Here is how Warner Bros. Discovery performed, based on a survey of analysts by LSEG:
- Loss per share: 36 cents vs. a loss of 22 cents expected
- Revenue: $9.7 billion vs. $10.07 billion expected
The company’s shares were down roughly 9% in aftermarket trading.
Warner Bros. Discovery on Wednesday reported the non-cash goodwill impairment charge, which was triggered by the reevaluation of the book value of the TV networks segment. The book value was higher than the market value as traditional TV networks continue to see customers flee and advertisers are opting to spend on digital and streaming instead.

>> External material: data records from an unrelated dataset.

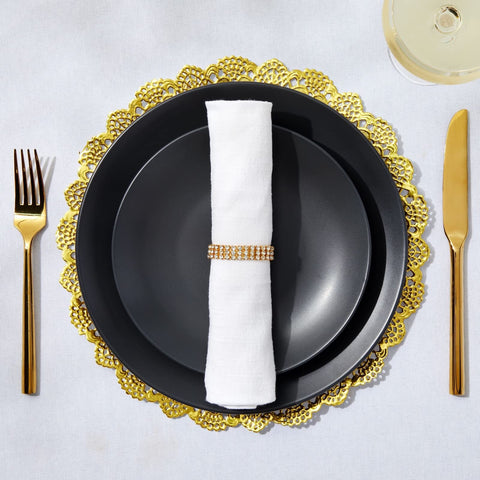 Juvale mantel papel dorado lace redondo de 12 pulgadas decoración rápida y pulida para eventos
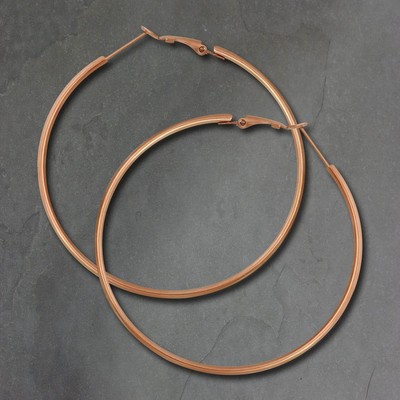 Amello Damen Edelstahl Ohrringe Creolen rosegold 62mm ESOS72E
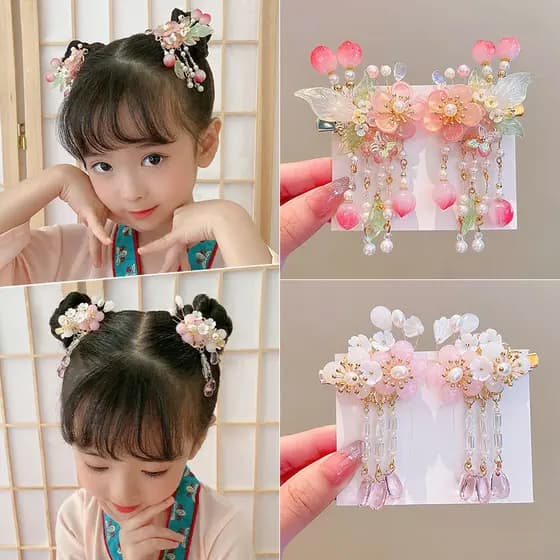 Crianças antigo hairpin menina Super fada flor hairpin traje do bebê Hanfu borla acessórios para o cabelo estilo chinês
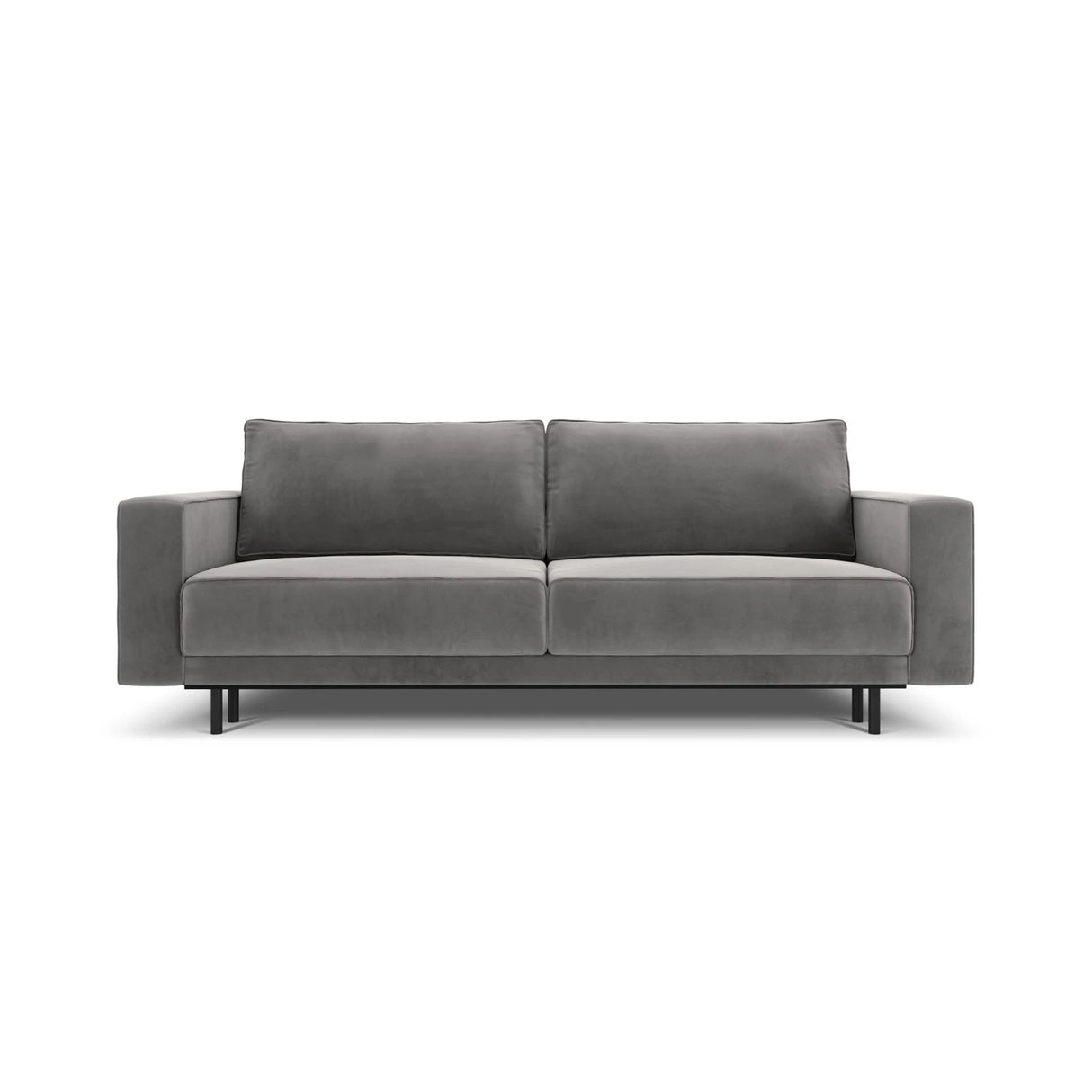 Caro 3-Sitzer Sofa mit Schlaffunktion, in Samt (Blu13) in Hellgrau, 236x97 cm – Bild 1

“While I am certainly not dismissive of the magnitude of this impairment, I believe it’s equally important to recognize that the flip side of this reflects the value shift across business models,” said CFO Gunnar Wiedenfels on Wednesday’s earnings call, adding that the company is focusing on growth in the studios and streaming units.
He said Warner Bros. Discovery’s balance sheet carries a significant amount of goodwill stemming from mergers and acquisitions, namely the combination of Warner Bros. and Discovery in 2022.
“It’s fair to say that even two years ago market valuations and prevailing conditions for legacy media companies were quite different than they are today, and this impairment acknowledges this and better aligns our carrying values with our future outlook,” CEO David Zaslav said on Wednesday’s call.
Executives highlighted Warner Bros. Discovery’s continued mission of paying down debt, much of which stems from the 2022 merger. During the second quarter the company paid down $1.8 billion in debt. As of June 30, it had $41.4 billion in gross debt and $3.6 billion cash on hand.
The company also noted uncertainty surrounding future sports rights renewals, including the NBA. Warner Bros. Discovery sued the NBA in July, looking to forcibly invoke its matching rights on a package of games earmarked for Amazon‘s Prime Video as part of the league’s new media rights deal.
Revenue for Warner Bros. Discovery’s TV networks — a portfolio that includes TBS, TNT, Discovery and TLC — was down 8% to $5.27 billion during the second quarter, with both distribution and advertising revenue down in the segment.
However, the company’s streaming business, centered around the platform Max, was a bright spot.
The company said Wednesday it added 3.6 million subscribers during the quarter ended June 30, bringing its total number of global streaming customers to 103.3 million.
The international expansion lifting subscriber growth, as well as increased ad spending on streaming, is propelling its streaming business toward profitability, executives said Wednesday, with the expectation that it would continue.
Zaslav also touted the streaming bundles Warner Bros. Discovery is forming — an entertainment pairing with Disney’s Disney+ and Hulu — and a sports bundle with Disney’s ESPN and Fox set to launch this fall.
Still, direct-to-consumer streaming revenue decreased 5% to $2.57 billion, driven by content revenue dropping 70% due to a lower volume of third-party licensing deals. Yet advertising revenue for streaming was up 99%, the company said, driven by higher domestic engagement on Max, and ad-supported subscriber growth. Global revenue also increased 4% driven by the ad tier.
Total revenue for the quarter was down 6% to $9.7 billion. Total adjusted earnings before interest, taxes, depreciation and amortization decreased 15% to $1.8 billion.
Correction: This article has been updated to reflect that Warner Bros. Discovery’s revenue was $9.7 billion for the quarter.